▶ What you are asked to do:
From the records below, copy out exactly the lines from the one containing "Nieuw 100% katoen" to the one containing "Used 2021 Jeep", both included. Add nothing else.

** Dataset follows **

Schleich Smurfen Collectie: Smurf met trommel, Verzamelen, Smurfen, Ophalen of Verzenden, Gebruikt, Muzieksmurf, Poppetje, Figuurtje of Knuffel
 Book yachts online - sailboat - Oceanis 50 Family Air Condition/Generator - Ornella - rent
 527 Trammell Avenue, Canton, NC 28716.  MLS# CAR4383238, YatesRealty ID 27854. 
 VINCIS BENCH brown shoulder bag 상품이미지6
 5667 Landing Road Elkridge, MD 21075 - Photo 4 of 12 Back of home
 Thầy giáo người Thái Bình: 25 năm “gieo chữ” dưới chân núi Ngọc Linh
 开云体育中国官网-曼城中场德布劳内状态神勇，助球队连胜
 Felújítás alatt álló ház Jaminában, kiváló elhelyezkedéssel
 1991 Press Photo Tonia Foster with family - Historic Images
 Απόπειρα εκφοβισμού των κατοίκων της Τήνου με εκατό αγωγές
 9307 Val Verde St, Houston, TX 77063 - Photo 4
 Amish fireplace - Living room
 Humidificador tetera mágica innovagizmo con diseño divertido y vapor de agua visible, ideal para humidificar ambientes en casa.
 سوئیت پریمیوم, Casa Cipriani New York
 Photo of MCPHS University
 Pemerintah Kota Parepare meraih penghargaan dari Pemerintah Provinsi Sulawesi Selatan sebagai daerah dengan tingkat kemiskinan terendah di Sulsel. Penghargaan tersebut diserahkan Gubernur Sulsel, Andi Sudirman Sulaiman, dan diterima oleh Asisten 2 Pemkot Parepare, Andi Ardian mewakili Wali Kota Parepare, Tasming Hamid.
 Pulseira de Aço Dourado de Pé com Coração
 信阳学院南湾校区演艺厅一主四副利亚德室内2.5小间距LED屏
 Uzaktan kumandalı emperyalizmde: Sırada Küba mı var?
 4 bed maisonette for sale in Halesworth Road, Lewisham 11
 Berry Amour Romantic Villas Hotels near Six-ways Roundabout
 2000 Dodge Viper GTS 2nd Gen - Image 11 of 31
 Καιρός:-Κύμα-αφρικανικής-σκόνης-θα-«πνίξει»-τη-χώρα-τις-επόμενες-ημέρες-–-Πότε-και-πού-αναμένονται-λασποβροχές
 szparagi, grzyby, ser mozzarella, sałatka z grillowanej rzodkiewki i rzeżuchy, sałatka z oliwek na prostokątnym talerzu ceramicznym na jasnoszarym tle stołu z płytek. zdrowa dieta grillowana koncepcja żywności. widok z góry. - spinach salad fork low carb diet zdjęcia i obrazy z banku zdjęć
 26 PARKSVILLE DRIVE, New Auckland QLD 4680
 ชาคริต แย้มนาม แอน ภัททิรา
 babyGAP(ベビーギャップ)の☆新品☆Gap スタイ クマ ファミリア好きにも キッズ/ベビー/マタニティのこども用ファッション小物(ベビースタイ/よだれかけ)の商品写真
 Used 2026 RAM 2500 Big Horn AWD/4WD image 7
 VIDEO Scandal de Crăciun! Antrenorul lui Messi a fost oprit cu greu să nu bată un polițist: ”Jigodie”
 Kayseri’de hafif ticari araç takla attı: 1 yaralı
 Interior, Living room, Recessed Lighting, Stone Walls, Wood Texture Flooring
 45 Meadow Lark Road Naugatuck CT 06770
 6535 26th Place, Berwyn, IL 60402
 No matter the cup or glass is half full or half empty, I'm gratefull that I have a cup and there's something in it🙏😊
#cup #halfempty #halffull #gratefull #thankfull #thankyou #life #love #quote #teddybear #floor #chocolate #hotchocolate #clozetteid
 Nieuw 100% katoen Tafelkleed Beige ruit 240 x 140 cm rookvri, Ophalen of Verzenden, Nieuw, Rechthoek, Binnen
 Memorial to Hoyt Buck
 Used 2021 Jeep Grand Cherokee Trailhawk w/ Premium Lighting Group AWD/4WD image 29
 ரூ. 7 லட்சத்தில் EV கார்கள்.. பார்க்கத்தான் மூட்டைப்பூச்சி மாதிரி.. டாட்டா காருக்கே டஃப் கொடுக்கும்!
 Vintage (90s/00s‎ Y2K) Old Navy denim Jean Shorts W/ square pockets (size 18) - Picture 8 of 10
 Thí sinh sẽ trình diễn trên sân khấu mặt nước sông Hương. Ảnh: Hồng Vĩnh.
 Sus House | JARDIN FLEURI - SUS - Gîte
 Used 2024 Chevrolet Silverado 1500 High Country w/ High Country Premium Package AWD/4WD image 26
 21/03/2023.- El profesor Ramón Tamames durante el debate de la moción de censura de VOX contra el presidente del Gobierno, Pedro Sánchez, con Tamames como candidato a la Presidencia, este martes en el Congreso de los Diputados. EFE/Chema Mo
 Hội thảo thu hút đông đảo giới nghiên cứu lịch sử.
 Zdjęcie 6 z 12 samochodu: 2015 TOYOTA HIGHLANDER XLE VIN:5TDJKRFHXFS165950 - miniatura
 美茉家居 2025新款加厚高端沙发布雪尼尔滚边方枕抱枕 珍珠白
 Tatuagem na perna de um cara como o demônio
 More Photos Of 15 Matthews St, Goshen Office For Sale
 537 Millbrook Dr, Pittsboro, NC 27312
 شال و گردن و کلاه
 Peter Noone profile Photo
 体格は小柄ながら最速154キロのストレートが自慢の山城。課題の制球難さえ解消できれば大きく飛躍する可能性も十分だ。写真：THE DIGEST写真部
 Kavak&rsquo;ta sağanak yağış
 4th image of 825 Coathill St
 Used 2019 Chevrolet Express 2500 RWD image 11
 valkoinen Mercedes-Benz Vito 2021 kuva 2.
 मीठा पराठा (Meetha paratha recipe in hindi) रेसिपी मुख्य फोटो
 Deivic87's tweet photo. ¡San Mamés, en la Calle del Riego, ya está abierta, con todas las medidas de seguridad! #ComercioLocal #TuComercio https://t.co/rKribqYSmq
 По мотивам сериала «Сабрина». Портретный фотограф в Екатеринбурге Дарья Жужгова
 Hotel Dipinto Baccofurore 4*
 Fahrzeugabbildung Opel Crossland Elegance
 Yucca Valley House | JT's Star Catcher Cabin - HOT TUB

** End of Dataset **

▶ Response area:
 Nieuw 100% katoen Tafelkleed Beige ruit 240 x 140 cm rookvri, Ophalen of Verzenden, Nieuw, Rechthoek, Binnen
 Memorial to Hoyt Buck
 Used 2021 Jeep Grand Cherokee Trailhawk w/ Premium Lighting Group AWD/4WD image 29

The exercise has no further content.